Cabe muy bien comparar y/o enfrentar estas dos obras de arte: una ópera (Aida de Verdi) y una tragedia (Antígona de Sófocles). Siglos separan una y otra y, mientras la ópera se recrea en la Música, la tragedia usa la palabra poetizada en el original para dotarla de un ritmo que, si bien podríamos designar como musical, es simplemente una forma de ayuda a la declamación y que, al no existir en las versiones actuales, le resta impacto.
Pero estas dos obras tienen algo en común: una forma de mezclar la épica y la lírica. En la ópera la esclava etíope ama y es amada por el egipcio que debe mantener subyugado a su pueblo de ella. En la tragedia una de una de las hijas del vencido, Antígona, y el hijo del mantenedor del orden, Hamon, prefieren morir juntos que ser separados por la orden de ejecución que Creonte, padre de Hamon, ha decretado contra ella por negarse a cumplir con lo que hoy llamaríamos orden constitucional.
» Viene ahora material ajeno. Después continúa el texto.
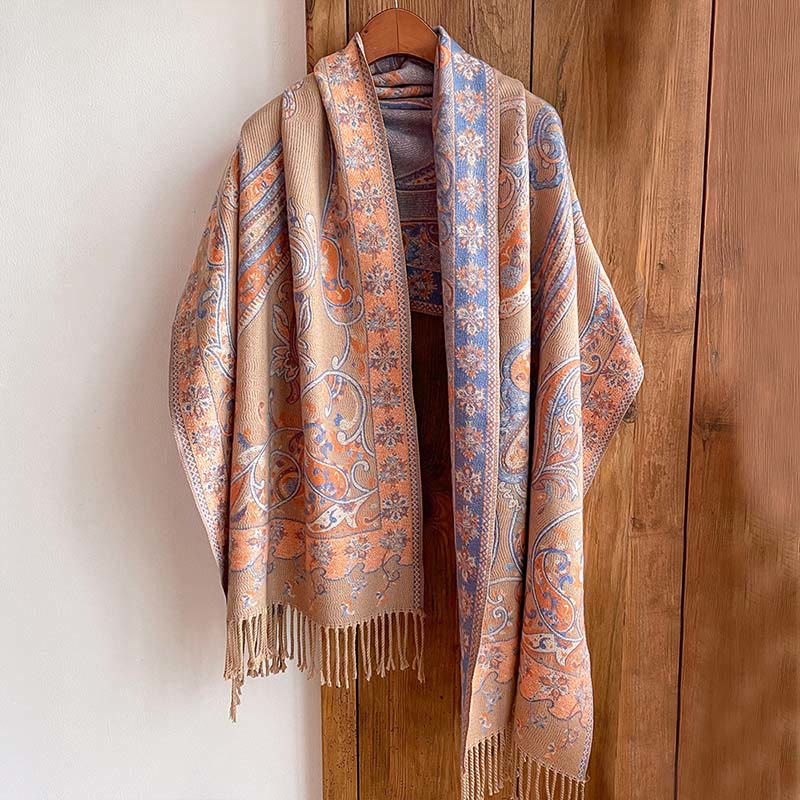 Bufanda chal térmica con borlas y estampado floral de cachemira para el viaje de invierno con Buddha Stones - image 14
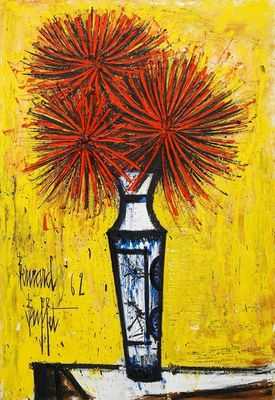 Les dahlias rouges, par Bernard Buffet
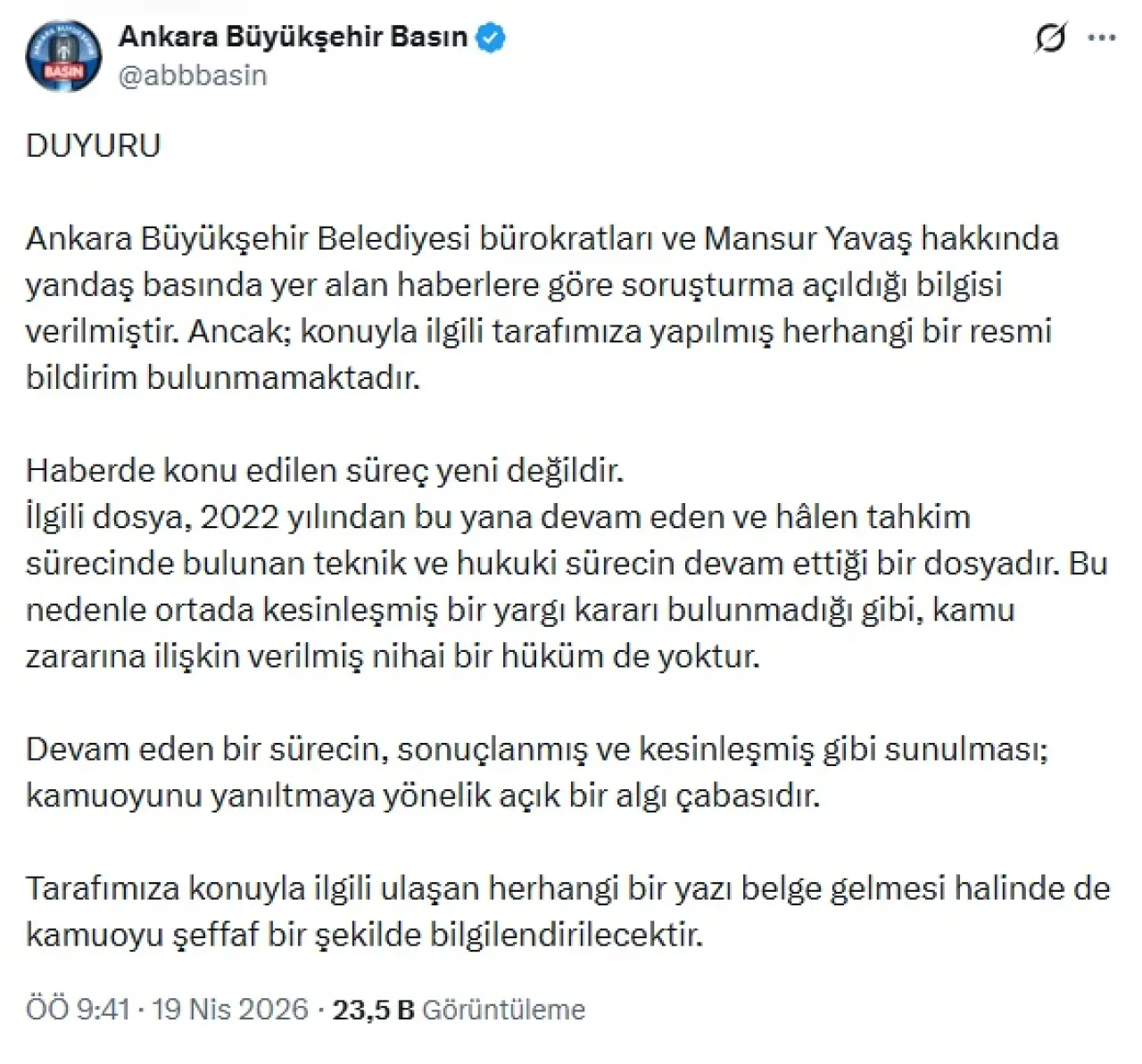 Mansur Yavaş’a Soruşturma Açıldı mı? ABB’den Açıklama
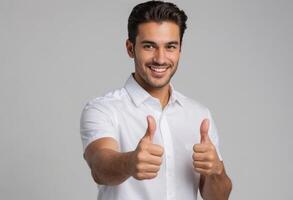 AI Generated A confident man in a white shirt giving two thumbs up, portraying assurance and positivity. photo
Ni la creatividad musical de Verdi ni el ritmo poético de Sófocles serían suficientes para hacer hervir la sangre del público durante siglos si en uno y otro caso la épica asociada a la tensión política no estuviera enfrentada a la lírica propia de amor. Amarse dentro de un orden es satisfactorio y romper con el orden arbitrariamente impuesto es digno de encomio; pero ni lo uno ni lo otro es suficiente para sentirse llenos de entusiasmo. Solo cuando el orden y la revolución van juntos de manera casi imposible el ser humano se eleva más allá de la simple vida.
Es casi un regalo singular confrontar estas dos exhibiciones de genio casi simultáneamente en un momento como el actual en España en donde esta contraposición se siente cada día en el asunto de la situación catalana en la que en la contraposición entre legitimidad (de la posible independencia) y la legalidad (o más bien su falta o inconstitucionalidad de su declaración pública) constituirá el marco adecuado para la explosión de una verdadera vida sagrada o divina.
Y, de repente, encuentro en mi subconsciente un recuerdo borroso de una contraposición con la que jugué en una época complicada de mi vida en la que una bifurcación vital se abría ante mí. Por un lado trabajaba para un Estado europeo grande y rico como era España, especialmente en aquella época que comenzó y se desarrolló a mediados de los años noventa del siglo pasado y en una institución que me enriquecía antes de que los efectos de la crisis se hicieran sentir y, por el otro lado, mi sentimiento nacionalista vasco ensanchaba su significado fraternal en base a lo que entonces eran mis lecturas y conocimientos semifilosóficos basados en las nuevas ideas de las redes sociales a partir de las tecnologías de la información. Es en este contraste que dejaba en segundo plano los rendimientos crecientes a escala (scale) para subrayar los rendimientos crecientes a la variedad (scope). Y este recuerdo se concretó en un título de un trabajo que escribí por aquel entonces y que me reconcilió conmigo mismo y que hoy me parece hasta que hace notar la presencia constante de la contraposición en todo lo fructífero. En este caso el contraste relevante esté en este título: "A la individuación por la pertenencia".